In six years of collaboration, this is the first time I've uploaded a video of Annabel Park and me discussing our work. The night before, we had watched a classic documentary by Ross McElwee called Sherman's March, and, as Annabel was dropping me off at the airport, we began a conceptual exchange about our new film, Story of America. Annabel came up with a new idea that I thought worth recording.
I didn't have a camera on me, but I turned on the voice recorder on my iPhone while she completed her thought. Then when we arrived at the terminal, I turned on the video function and asked her to say it again.
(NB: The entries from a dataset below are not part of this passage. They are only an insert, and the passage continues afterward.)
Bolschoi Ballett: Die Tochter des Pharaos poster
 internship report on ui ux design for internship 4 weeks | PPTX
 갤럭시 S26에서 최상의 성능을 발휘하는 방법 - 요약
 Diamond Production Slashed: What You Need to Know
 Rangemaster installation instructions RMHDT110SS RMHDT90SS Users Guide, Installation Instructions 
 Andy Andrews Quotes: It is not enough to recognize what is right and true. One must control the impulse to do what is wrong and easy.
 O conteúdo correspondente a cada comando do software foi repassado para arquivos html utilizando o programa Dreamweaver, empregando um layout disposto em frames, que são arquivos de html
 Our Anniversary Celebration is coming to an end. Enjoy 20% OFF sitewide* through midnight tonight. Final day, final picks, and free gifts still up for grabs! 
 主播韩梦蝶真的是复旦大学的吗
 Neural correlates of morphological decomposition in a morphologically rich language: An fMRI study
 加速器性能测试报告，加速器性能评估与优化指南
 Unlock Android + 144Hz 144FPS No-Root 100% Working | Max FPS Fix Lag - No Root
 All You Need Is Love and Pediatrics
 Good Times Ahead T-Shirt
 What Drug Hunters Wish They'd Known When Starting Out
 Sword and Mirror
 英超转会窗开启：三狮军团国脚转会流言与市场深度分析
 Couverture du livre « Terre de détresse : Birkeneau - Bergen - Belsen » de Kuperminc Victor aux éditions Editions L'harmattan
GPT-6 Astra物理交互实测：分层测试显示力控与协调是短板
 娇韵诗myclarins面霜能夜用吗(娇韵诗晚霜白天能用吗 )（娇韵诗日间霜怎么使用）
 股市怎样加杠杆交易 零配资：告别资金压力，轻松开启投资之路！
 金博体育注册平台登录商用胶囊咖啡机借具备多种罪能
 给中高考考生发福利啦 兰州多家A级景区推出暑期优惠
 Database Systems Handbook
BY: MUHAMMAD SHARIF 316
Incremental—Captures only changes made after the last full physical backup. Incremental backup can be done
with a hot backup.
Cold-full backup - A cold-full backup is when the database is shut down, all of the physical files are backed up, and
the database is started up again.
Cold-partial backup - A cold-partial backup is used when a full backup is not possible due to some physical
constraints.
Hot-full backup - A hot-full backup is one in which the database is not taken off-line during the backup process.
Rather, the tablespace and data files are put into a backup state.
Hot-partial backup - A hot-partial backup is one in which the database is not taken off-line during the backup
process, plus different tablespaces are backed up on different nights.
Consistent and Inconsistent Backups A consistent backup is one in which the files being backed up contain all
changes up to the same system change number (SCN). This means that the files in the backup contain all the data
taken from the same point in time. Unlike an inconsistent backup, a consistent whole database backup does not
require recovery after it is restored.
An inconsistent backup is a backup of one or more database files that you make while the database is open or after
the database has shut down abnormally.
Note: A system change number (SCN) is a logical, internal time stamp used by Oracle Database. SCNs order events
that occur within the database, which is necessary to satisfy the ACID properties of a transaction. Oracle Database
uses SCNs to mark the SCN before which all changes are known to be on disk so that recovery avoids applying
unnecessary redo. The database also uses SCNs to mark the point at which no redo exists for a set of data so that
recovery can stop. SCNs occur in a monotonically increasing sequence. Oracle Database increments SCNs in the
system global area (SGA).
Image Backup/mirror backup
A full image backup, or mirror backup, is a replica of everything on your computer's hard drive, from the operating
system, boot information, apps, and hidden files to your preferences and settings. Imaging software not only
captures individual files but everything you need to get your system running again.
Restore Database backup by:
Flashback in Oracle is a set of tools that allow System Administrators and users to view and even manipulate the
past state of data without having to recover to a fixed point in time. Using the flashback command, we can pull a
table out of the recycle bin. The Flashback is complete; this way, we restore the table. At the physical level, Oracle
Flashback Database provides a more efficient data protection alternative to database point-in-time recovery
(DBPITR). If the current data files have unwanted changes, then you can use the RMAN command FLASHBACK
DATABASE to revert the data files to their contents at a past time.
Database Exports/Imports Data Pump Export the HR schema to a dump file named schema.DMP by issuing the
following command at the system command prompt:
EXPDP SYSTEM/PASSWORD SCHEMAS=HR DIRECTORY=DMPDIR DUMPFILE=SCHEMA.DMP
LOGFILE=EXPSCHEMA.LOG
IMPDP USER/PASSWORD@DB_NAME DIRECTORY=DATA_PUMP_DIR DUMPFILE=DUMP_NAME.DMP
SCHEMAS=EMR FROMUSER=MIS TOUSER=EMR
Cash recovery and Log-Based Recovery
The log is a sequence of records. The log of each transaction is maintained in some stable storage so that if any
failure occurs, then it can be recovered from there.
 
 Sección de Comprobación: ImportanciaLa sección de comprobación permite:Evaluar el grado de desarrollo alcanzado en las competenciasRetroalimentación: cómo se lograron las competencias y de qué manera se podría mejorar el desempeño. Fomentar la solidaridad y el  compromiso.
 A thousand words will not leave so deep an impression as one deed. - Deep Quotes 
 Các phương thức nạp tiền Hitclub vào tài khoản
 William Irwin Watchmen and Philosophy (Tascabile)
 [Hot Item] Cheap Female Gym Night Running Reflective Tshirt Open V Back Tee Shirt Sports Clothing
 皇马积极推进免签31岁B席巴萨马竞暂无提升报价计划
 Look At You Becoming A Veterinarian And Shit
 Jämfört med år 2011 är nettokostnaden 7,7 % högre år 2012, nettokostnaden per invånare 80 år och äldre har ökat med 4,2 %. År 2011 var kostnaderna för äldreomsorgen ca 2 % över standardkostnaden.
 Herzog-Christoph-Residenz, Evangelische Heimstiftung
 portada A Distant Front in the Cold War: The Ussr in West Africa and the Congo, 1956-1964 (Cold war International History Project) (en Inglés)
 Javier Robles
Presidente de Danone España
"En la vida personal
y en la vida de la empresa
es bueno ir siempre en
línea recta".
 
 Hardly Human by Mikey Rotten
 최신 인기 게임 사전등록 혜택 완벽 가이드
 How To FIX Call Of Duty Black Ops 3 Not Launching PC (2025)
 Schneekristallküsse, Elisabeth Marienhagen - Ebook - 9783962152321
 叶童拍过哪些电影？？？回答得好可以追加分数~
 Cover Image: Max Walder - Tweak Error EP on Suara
As you hear in the longer version of this video, Annabel was born in South Korea and immigrated to Texas with her family when she was 9 years old. She says that her experience finding her identity in America has been a creative process — learning, observing, spending a lot of time being confused, and finally realizing that identity construction in America has often been a creative process. In this video, and going forward, perhaps, in our film, Annabel connects her personal search for identity in America to a centuries-long struggle to find our shared identity as a nation.
One of the goals of our new film is to uncover the sources of division in America, and do something to counter them. In my view, much of the division can be attributed to bifurcated historical narratives (north vs. south, essentially) regarding slavery, the Civil War, Jim Crow laws, the Civil Rights movement, and the election of our first African American president.
For instance, we sat down with Rev. Dr. William Barber in Durham, NC and learned about his Third Reconstruction historical framing. He believes a modern-day fusion politics (a union of progressive whites and people of color) is what America needs in order to fulfill the promise of its founding ideals. In contrast, we talked to Diane Rufino, leader of the Eastern North Carolina Tea Party, who was born in New Jersey but has adopted a Confederate version of American history to go with her conservative political beliefs. Annabel and I both found this fascinating.
Annabel's theory is that the north-vs-south division is a narrative that, while certainly based in reality, is a only a surface layer that obfuscates deeper layers of reality. She will write her own blog about this, but as I read it, she is saying:
The underlying division, discontent, and confusion in America flows from political corruption and economic inequality. Those who benefit from the corruption and inequality exploit our inability to come to terms with conflicting historical and cultural narratives and find a common identity as a people.
This, in a nutshell, is why she is so interesting in achieving unity through dialogue and storytelling, and you can see Annabel finding the language to express this in this video.
Another thing I like about the video is the non-chronological ending. By putting the beginning at the end, I am trying to share with you a familiar feeling for documentary filmmakers — when you've missed an important moment and are trying desperately to replicate it. In this case, though, I did have an audio recording of the precious gem that I wanted to recapture, and in the last 40 seconds of the video, you get to hear what that was. Again, I paraphrase:
One possible remedy for the conflicting identities that divide America is learning about as many of them as possible, and sharing what we find, so that more of us are expansive and creative in defining America, and less of us are limited by our own experiences.